Transitions of Care: Why the Human Touch Still Matters in a Technology-Driven Healthcare System

This Blog at a Glance

  • Technology supports, but doesn’t replace, care management. Digital tools can improve efficiency, but patient engagement still depends on human connection.
  • Not all patients engage with technology. Factors like digital literacy, trust, and access create gaps in adoption.
  • Trust drives engagement during transitions of care. Initial human interaction often determines whether patients follow through.
  • Timing is critical. Moments like hospital discharge create short windows for meaningful intervention.
  • Care coordination remains fragmented. Disconnected systems still require people to bridge communication gaps.
  • Scaling care management is challenging.
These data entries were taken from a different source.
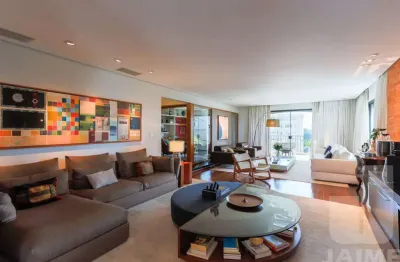 Apartamento com 2 quartos à venda na Rua Bahia, 377, Higienópolis, São Paulo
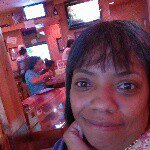 Joanne Lamar - @pinkyy_girl - Instagram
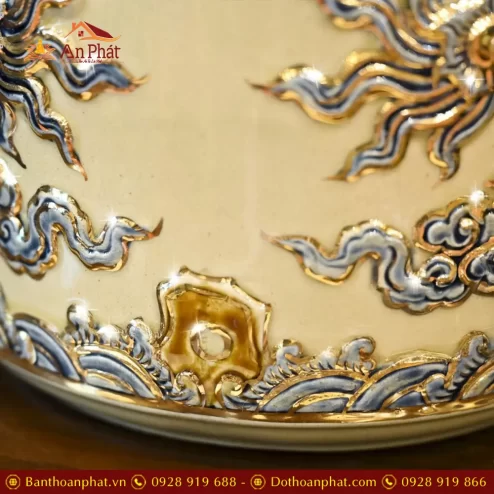 bat huong hoang tho gom bat trang ve vang dt64400009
Even with automation, engagement remains the limiting factor.
  • Community Health Workers play a key role. They act as trusted connectors for hard-to-reach populations.
  • The future of transitions of care is hybrid. Technology works best when paired with the right workforce.

Healthcare organizations have invested heavily in technology to improve care coordination, streamline workflows, and scale patient engagement. From care management platforms to AI-powered outreach tools, the promise is clear: better insights, faster communication, and improved outcomes.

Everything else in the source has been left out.